Мифосимволическое начало, в котором бытовое ничем не отделено от фантастического, диалектика невозможного и возможного органична и гениально правдоподобна, благодаря формуле гротеска — такое начало характерно именно для фольклора, основным носителем которого в каждую конкретную эпоху является самое старшее поколение. Вспоминаются слова моей бабушки, родом ещё из xix века, которая, достигнув в светлом уме и твёрдой памяти 90 лет, ничему из вновь открытого наукой или придуманного советской фантастикой не удивлялась, а только говорила важно: «Всё может быть». Это великое мифопоэтическое фольклорное «Всё может быть» ярче всех в русской классике воплотил Гоголь, и оттого он значительно более по-русски народен, чем целый сонм бытописателей.

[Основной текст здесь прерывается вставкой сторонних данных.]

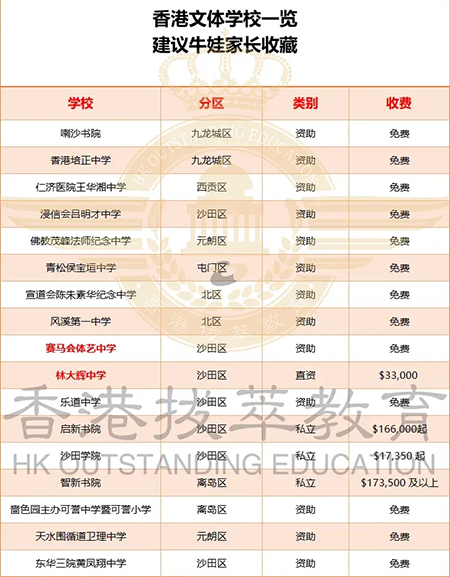 香港|香港插班|香港中學|香港新移民|新來港家庭|香港Band1中學|香港中學|香港插班申請|香港升中|香港秋季插班|香港Band2中學|林大輝中學|香港體藝中學|張家朗|張家朗母校|奧運冠軍張家朗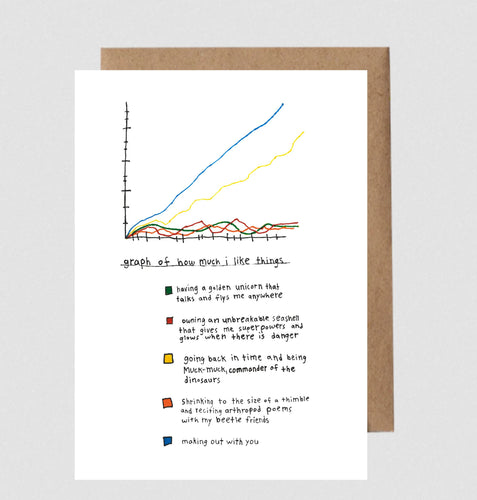 Notecard - Graph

Важнейший критерий народности Гоголя — последовательное выражение идеалов народа. Одиссеево путешествие по кругам Ада российской жизни у Гоголя получилось лучше, чем описание Чистилища этой жизни и её предполагаемого рая во 2-м томе «Мёртвых душ». Мне представляется, именно потому, что Гоголь, подобно Сервантесу, остро чувствовал разницу между нормой, вокруг которой происходит культурообразование в большинстве стран Запада, и идеалом. Идеалом, тем более возвышенным и совершенным, чем менее вероятна хоть малая его реализация в российский действительности.